I parted my lips, and the exploration of a lifetime began. I explored the world that existed in his eyes when he looked me. And, I explored the completely foreign concept of how passionate a kiss could really be as I allowed Austin's tongue to explore my mouth. It felt so awkward at first. I was aware that someone as beautiful as him had likely gained plenty of experience in mouth exploration, and the closest experience I had was licking yogurt off the inside of the container. He guided me with his movements, swirling his tongue around mine until we acquired a rhythm, and I melted into him.

I raised my arms, allowing myself to fall back onto his bed as he crawled gently over me. My fingers explored his soft hair as they made their way from the back of his neck up to his hairline, where they pushed his tousled hair backward and tickled their way back down. Though cautious, Austin's hands were just as adventurous as they caressed my sides and my hips. He moaned,  grazing the side of my neck with his lips and teeth, and the heat radiated throughout my body in a way I hadn't ever thought possible.

Following his lead as he continued to kiss me, my hands trailed down to the edge of his shirt. As he rolled to the side of me, still positioned above me, they made their way curiously underneath. He inhaled sharply in welcome surprise. The muscles of Austin's stomach were firm beneath my fingers—he wasn't extremely muscular, but he was much less lanky than his looser-fitting clothing had me believe.

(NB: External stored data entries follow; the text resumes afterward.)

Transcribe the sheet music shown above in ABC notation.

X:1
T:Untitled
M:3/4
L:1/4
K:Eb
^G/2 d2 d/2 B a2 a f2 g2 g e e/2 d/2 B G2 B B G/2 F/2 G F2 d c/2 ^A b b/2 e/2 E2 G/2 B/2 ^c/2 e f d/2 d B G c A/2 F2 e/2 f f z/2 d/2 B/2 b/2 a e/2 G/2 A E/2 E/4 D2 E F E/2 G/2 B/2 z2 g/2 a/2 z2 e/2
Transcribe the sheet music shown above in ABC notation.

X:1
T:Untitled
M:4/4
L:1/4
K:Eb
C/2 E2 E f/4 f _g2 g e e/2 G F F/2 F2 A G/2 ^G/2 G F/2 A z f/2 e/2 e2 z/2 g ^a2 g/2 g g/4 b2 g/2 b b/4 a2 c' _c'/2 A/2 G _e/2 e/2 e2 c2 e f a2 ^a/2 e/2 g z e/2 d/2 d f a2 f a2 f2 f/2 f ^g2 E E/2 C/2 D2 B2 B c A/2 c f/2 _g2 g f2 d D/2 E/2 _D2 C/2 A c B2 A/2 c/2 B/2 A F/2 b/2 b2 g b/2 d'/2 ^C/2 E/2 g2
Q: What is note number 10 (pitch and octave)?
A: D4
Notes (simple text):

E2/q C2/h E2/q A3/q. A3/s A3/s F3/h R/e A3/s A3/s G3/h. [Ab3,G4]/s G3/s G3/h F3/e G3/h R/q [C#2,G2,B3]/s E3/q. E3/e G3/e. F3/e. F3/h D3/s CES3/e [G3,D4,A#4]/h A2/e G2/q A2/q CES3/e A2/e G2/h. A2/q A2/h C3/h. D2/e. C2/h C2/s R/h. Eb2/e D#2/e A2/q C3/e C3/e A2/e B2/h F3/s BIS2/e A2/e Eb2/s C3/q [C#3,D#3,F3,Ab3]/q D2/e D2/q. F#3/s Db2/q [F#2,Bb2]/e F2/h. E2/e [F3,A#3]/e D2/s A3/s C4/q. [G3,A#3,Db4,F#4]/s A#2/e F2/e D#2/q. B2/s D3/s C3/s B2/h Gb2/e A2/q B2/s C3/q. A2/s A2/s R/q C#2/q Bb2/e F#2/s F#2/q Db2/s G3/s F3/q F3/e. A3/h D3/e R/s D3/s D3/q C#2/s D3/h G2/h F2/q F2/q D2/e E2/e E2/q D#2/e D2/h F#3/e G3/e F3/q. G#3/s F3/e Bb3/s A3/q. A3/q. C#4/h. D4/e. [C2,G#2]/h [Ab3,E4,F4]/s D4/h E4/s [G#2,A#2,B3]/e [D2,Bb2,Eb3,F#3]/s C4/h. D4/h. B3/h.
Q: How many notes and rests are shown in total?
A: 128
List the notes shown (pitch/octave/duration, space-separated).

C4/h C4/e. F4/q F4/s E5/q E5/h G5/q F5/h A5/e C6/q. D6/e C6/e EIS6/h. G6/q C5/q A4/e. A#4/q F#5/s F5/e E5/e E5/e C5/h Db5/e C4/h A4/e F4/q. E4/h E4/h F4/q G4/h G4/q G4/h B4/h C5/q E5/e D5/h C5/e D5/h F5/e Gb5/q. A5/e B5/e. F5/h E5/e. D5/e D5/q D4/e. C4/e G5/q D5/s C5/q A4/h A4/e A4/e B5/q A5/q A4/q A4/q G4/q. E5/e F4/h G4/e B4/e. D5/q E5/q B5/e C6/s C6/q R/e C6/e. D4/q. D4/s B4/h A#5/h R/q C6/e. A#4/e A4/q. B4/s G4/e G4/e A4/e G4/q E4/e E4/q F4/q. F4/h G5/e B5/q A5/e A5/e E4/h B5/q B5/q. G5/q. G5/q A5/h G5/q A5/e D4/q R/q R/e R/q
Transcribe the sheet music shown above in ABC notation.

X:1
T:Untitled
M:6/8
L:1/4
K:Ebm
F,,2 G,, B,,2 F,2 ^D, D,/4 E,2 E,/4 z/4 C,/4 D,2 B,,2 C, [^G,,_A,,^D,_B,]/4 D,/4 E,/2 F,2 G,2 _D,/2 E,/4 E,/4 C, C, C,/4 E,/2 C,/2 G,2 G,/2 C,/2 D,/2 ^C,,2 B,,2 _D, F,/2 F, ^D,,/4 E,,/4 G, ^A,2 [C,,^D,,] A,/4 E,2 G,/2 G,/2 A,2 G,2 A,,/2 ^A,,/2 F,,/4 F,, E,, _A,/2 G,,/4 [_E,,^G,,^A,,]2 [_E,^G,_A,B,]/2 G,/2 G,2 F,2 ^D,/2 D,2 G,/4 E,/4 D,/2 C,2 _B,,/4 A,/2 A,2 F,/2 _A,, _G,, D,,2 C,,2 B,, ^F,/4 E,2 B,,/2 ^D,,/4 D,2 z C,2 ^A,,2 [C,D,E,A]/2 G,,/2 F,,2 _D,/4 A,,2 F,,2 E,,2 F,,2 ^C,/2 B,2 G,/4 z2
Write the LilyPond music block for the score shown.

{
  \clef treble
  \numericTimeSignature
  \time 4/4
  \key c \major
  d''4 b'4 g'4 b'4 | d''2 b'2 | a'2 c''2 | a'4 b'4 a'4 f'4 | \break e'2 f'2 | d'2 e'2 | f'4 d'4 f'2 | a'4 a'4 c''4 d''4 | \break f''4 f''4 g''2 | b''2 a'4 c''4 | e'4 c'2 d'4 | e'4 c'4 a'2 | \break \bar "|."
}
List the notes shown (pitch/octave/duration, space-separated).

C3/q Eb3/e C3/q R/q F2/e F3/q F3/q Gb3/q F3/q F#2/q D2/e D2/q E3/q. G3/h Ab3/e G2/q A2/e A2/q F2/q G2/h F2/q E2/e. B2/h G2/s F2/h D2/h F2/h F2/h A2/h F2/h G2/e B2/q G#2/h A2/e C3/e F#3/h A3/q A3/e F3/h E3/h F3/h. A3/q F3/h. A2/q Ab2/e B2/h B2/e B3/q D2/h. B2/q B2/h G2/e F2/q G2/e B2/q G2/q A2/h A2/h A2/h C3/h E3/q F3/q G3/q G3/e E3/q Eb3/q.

I felt their shape easily as I continued gliding across them into the center of his torso, where I felt a masculine trail of hair begin just above his navel. At that point, I remembered his description of his
other
tattoo—the one he couldn't show me, the one he'd motioned to on his hips that had made me blush. As if with a mind of their own, my hands explored their way downwards, and I maddeningly wondered if I'd get the chance to see that tattoo in person.

Austin's body seemed to control me just by being in contact with mine, and it was much more satisfying than I would have thought. Even more enticing were his reactions in the wake of my touch. They were empowering, even with my broken confidence, and urged me forward.

His breathing became more ragged, the muscles in his abdomen trembling as he did so. His kisses became deeper and needier. It became difficult to keep up with him.

I wrapped my hands around his neck as he pressed into me, nuzzling his mouth against my ear. “I love you, Jade,” he whispered. His kisses came in quick, gentle volleys—first on my neck, then on my collarbone as he moved his head down to my chest.

“I love you too, Austin.”

 

 

 

 

CHAPTER TWENTY-ONE

 

 

 

 

I couldn't decide if it was the dizzying pace or the excitement of the events happening that made me so lightheaded, but I tilted my head back and breathed deeply in an attempt to steady myself. Instead, this only served to increase my anxiety. It was frustrating that I didn't understand why I felt so uneasy in the presence of someone who was so captivating and so...real. 

I looked around his room as I stroked his hair, and I tried to anchor myself. Austin's hands slid effortlessly down the length of my torso, wrapping around to my backside as he propped himself on his knees and nuzzled his warm face over my breasts.

My eyes were still closed, and I was still breathless. Part of it came from the thrilling electricity of Austin's touch in places that were new to me, but it was something else too. My sudden anxiety had made it literally difficult to breathe.
Why was this happening?
The question itself was troubling. It added yet another layer to my deepening sense of fear.

Without warning, a stabbing pain jolted through my temples and into the front of my head like a laser beaming itself through my brain. I grimaced, relinquishing my hands from Austin's body and snapping them up to either side of my head. All of the fire in my veins had travelled to my head and was threatening to explode like an atomic bomb.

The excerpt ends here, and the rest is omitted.